Project is motivated by a kaggle problem Google Analytics Customer Revenue Prediction, where google provide huge amount fo raw data from website. You need to find useful information and predict for revenues.

After viewing the raw data form, we find it’s interesting to do a statistical analysis, since the columns contain huge amount of information which makes we able to find other useful relations (not just revenue). Also, nested and nested data with huge amount of raw features are very hard for human to intepret and make decision. Therefore a lot room for statistics.

There’re three goals for this project

  1. Find good way to represent the original nested and nested data and clean it to make statistics possible. This is not a typical work you will do in a statistical class since data you use there is typically quite regular and in good shape.
  2. Exploring interesting features which can show the data vividly, help people to understand what the data is exprssing, also help to bulid various of statistical models. And then compare those models
  3. Study the effect of externel data and combine all the knowledge to understand the transaction behavior, which will help us to get the final reasonable model.

The general question we want to answer is that how to make data powerful? We want to know how to represent the data and how to choose statistical models.

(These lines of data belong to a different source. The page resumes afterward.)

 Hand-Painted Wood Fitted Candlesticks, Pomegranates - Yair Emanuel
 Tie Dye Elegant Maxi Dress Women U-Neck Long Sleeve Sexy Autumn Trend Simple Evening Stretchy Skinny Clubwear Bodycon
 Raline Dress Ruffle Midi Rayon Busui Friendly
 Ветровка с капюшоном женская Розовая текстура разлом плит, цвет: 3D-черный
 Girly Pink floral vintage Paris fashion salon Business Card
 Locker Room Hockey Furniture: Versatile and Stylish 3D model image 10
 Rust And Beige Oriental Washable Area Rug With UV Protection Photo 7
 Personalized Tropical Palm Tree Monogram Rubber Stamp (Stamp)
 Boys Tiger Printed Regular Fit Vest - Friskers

But along the project, the questions becomes more practical as “how to represent data if the exact tidy version of it will invovle much unecessary information?” “how to deal with the missing data when the missingness is terrible?” “how to choose model and do statistics in highly ill-conditioned data? can we do sequential modeling?”

And even encounter some new questions other data itself and models, like “How to ensemble different models and also the externel data?” “how to reduce the features if typical dimension reduction failed because of data being not quite numerical and different entries has even different dimension?”

Only related work is from kaggle website, where we can communicate with each other to deeper our understanding of the question.